*** DATASET ENTRIES ***

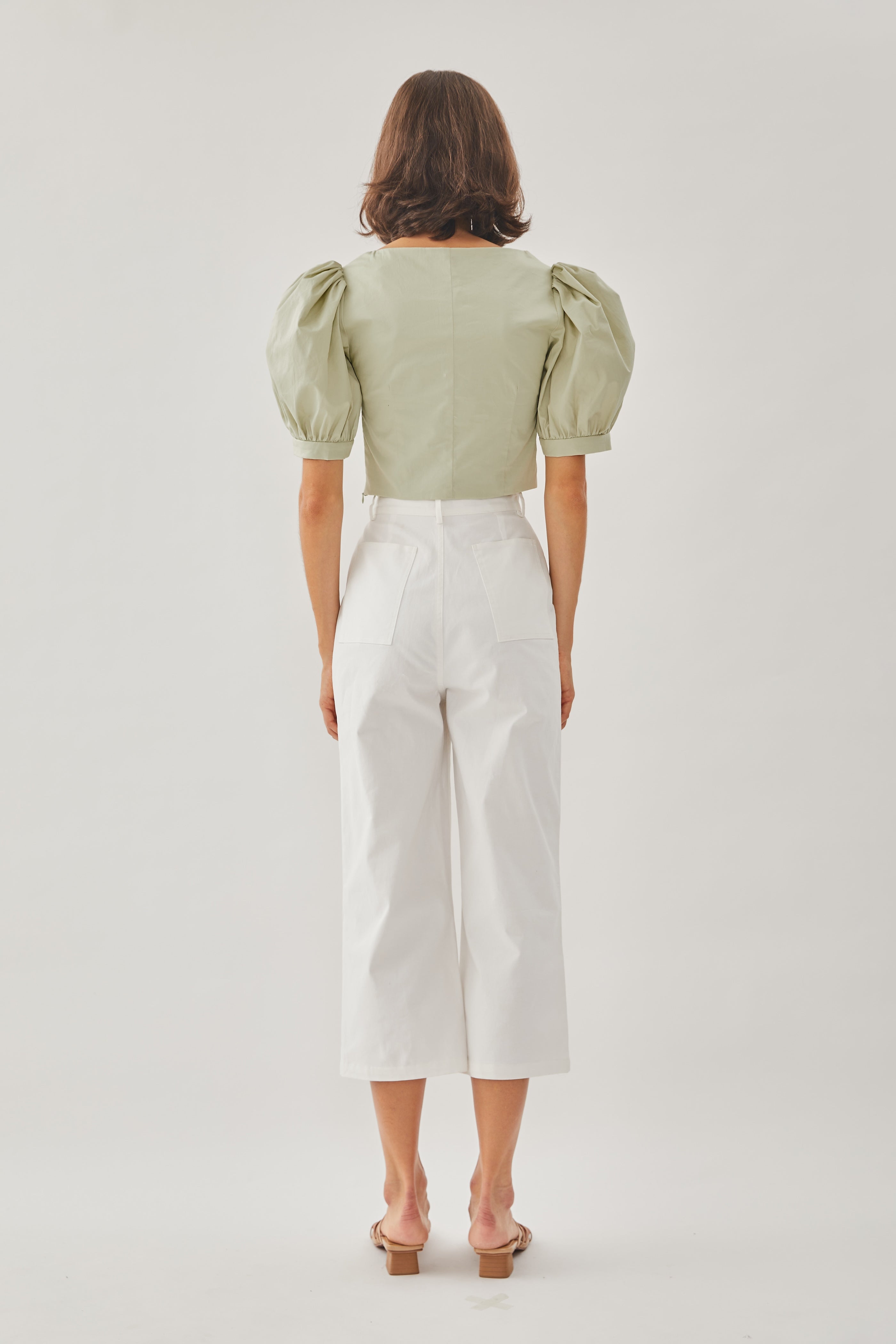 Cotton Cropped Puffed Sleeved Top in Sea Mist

*** End of DATASET ENTRIES ***
*** DATASET ENTRIES ***

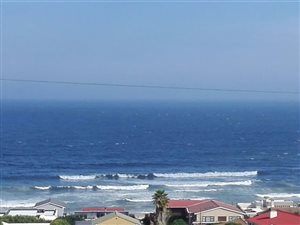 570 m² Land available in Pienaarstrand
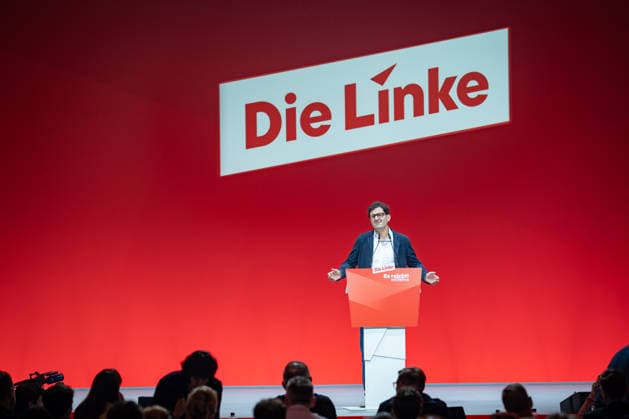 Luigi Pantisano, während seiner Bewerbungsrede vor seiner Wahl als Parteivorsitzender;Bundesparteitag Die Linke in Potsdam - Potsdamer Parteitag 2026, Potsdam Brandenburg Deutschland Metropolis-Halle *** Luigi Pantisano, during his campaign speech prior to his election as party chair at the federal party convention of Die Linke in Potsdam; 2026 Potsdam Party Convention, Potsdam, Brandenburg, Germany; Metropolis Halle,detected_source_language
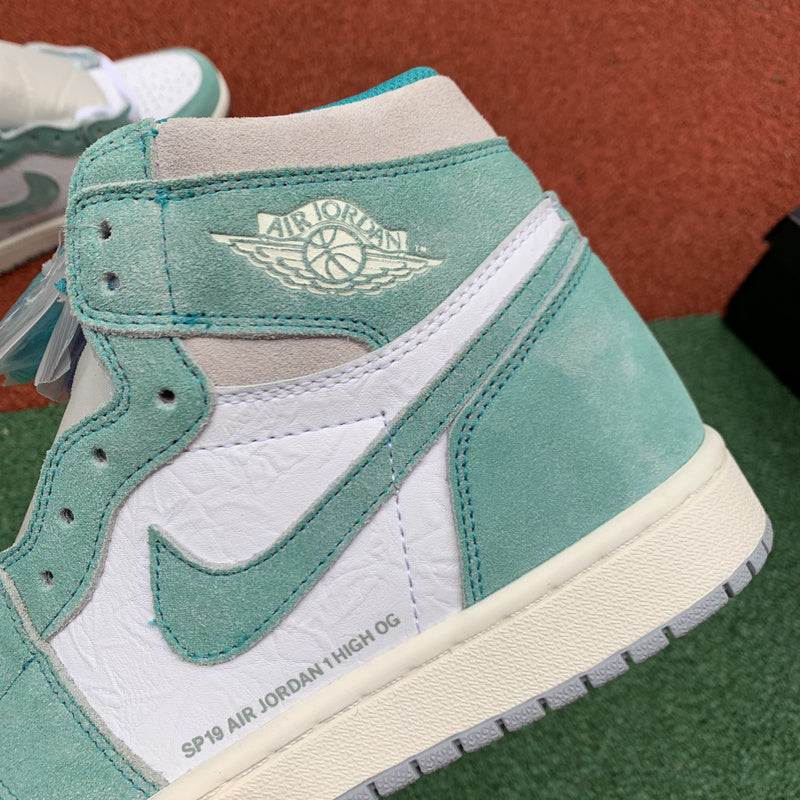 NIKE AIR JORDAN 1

*** End of DATASET ENTRIES ***

### AIM OF THE EXERCISE
While skipping the pictures, transcribe the data above from the line showing "570 m² Land available in Pienaarstrand" through the line showing "NIKE AIR JORDAN 1", exactly and with both ends.

### TASK RESULT
 570 m² Land available in Pienaarstrand
 Luigi Pantisano, während seiner Bewerbungsrede vor seiner Wahl als Parteivorsitzender;Bundesparteitag Die Linke in Potsdam - Potsdamer Parteitag 2026, Potsdam Brandenburg Deutschland Metropolis-Halle *** Luigi Pantisano, during his campaign speech prior to his election as party chair at the federal party convention of Die Linke in Potsdam; 2026 Potsdam Party Convention, Potsdam, Brandenburg, Germany; Metropolis Halle,detected_source_language
 NIKE AIR JORDAN 1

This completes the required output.